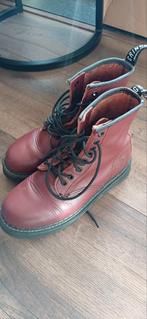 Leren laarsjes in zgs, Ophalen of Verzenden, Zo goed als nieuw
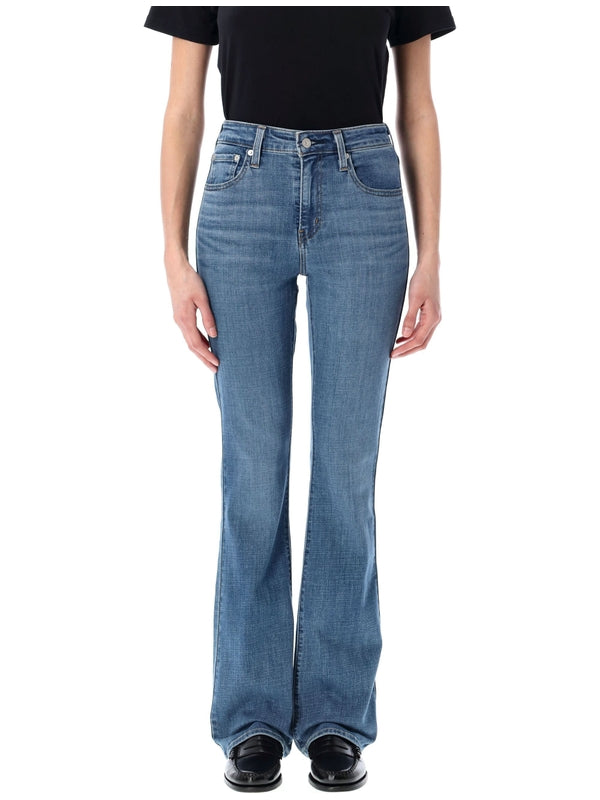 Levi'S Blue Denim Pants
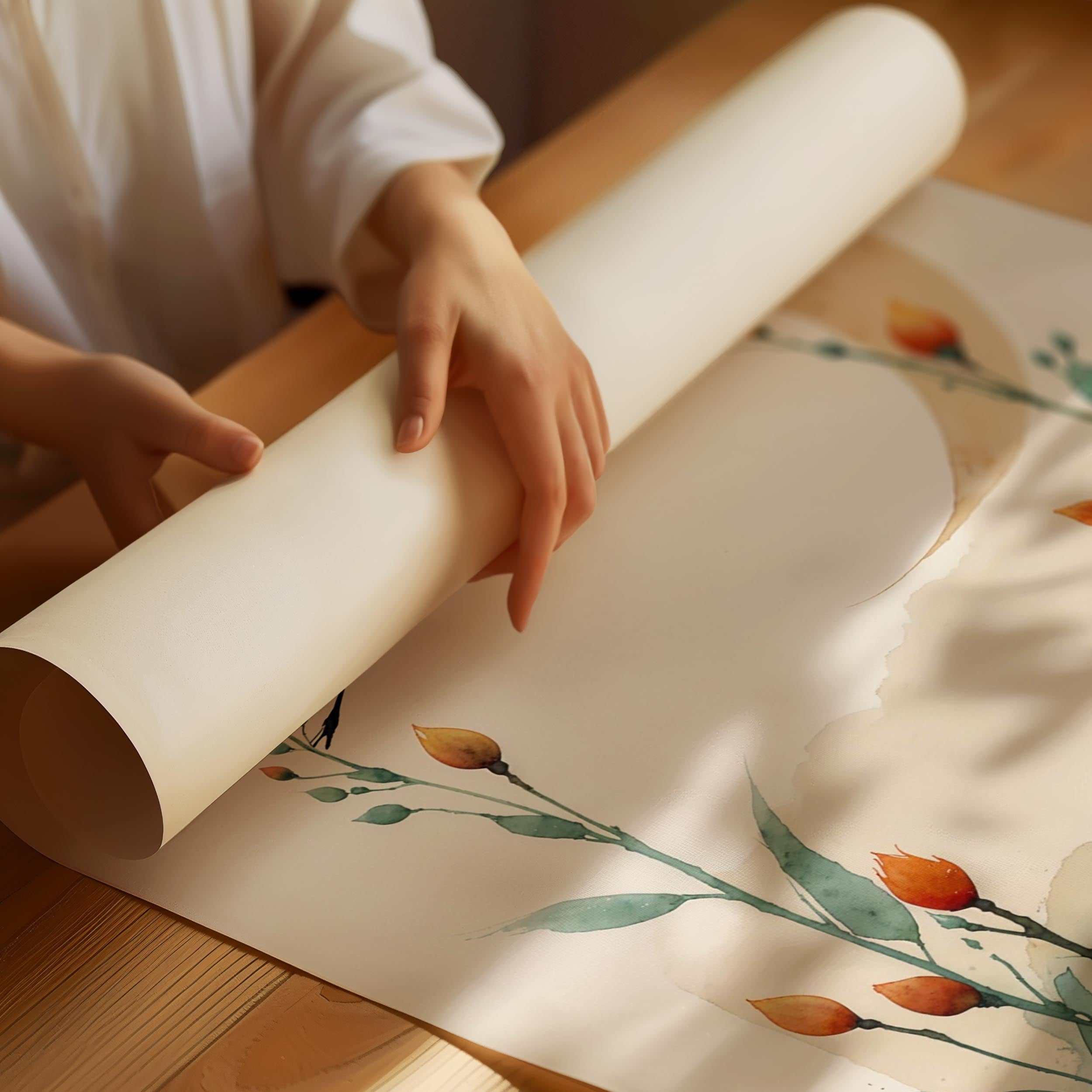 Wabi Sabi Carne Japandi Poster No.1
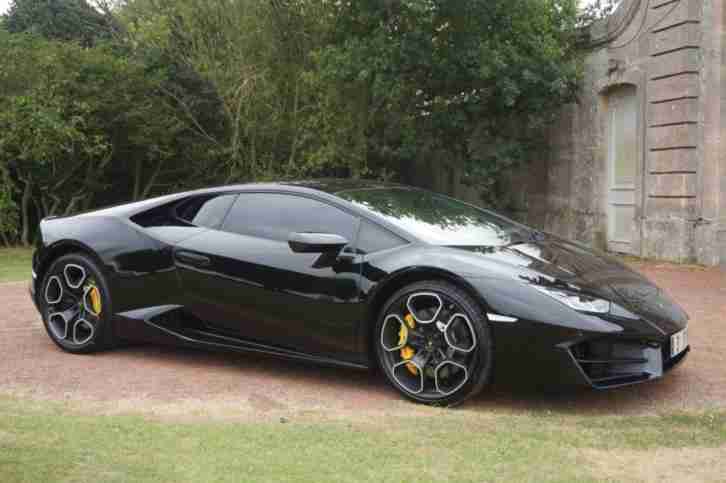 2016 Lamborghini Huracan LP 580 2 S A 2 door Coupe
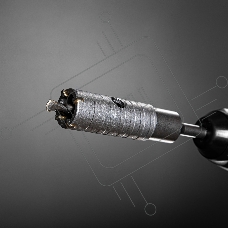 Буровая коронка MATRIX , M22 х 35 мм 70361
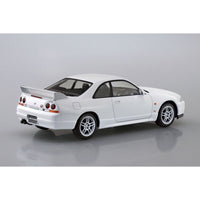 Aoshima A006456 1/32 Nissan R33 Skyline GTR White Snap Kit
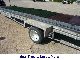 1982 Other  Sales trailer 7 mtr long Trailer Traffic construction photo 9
• • • • • • •
- Exercise objective
Output, exactly and only: the line containing "Levi'S Blue Denim Pants", the last line of the listing above, and every line in between. Leave the pictures out.

- Written response
 Levi'S Blue Denim Pants
 Wabi Sabi Carne Japandi Poster No.1
 2016 Lamborghini Huracan LP 580 2 S A 2 door Coupe
 Буровая коронка MATRIX , M22 х 35 мм 70361
 Aoshima A006456 1/32 Nissan R33 Skyline GTR White Snap Kit
 1982 Other  Sales trailer 7 mtr long Trailer Traffic construction photo 9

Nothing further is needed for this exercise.